Kokrajhar – Where’s That?
While driving back to Guwahati on NH 37 I was wondering what would have happened if Ponty Chadha was from Kokrajhar? Either his death would not have been reported, or Kokrajhar would have been mentioned in The New York Times.
The morning of the Chadha brothers’ double murder, a certain Mano Kumar Brahma was picked up from his well-guarded Kokrajhar residence and arrested on charges of possessing two AK-47 assault rifles, two magazines and 66 rounds of ammunition.

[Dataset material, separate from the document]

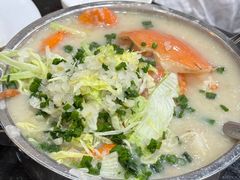 招牌水蟹粥-一哥美食(总店)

In the context of a violent summer in Bodoland and a rerun of the same ethnic tension and considering that Mr Brahma was an executive member of the Bodo Territorial Council (which means a minister of cabinet rank within the council), this piece of news was significant, and was therefore reported as a headline on my channel. Though I have no reason or inclination to monitor channels, my colleagues from other networks were disappointed that there wasn’t enough interest in their newsroom over this rather stunning piece of news; the government arresting members of its alliance partner.
Now who is Mano Kumar Brahma? A former terrorist who is responsible for massacres, blowing up passenger trains, killing people and being part of an outfit who gave up arms and joined the “mainstream” to grab political power with his colleagues. He and his colleagues control the strategic corridor which connects the North East of India to the “mainland”. But after years of terrorising people, first as part of an underground group and then as an elected representative, Mano Brahma and his friends are barely known to anyone outside the state. Even within his own state he is not recognisable. Are the seeds of the conflict in these parts of the country hidden in this indifference or perhaps ignorance?
Kokrajhar has been one of the most militarised districts of the country since the last three decades. It is home to one of the highest internally displaced people in the country. It has witnessed terrorist killings, ethnic violence and communal tension. It is not exactly a remote countryside as many newsrooms may imagine. It is a busy and populated rail and road junction and an ethnic cauldron, but one that is slowly breaking up into violent enclaves. The presence of the Adivasis who have also suffered and have been silenced had evoked some interest in the past, but somehow even that bow and arrow-carrying deep-set victimised look and sharp-featured Adivasi image has departed from the news rundowns; replaced by crass politically-backed, flushed with unaccounted wealthy Ponty Chaddhas.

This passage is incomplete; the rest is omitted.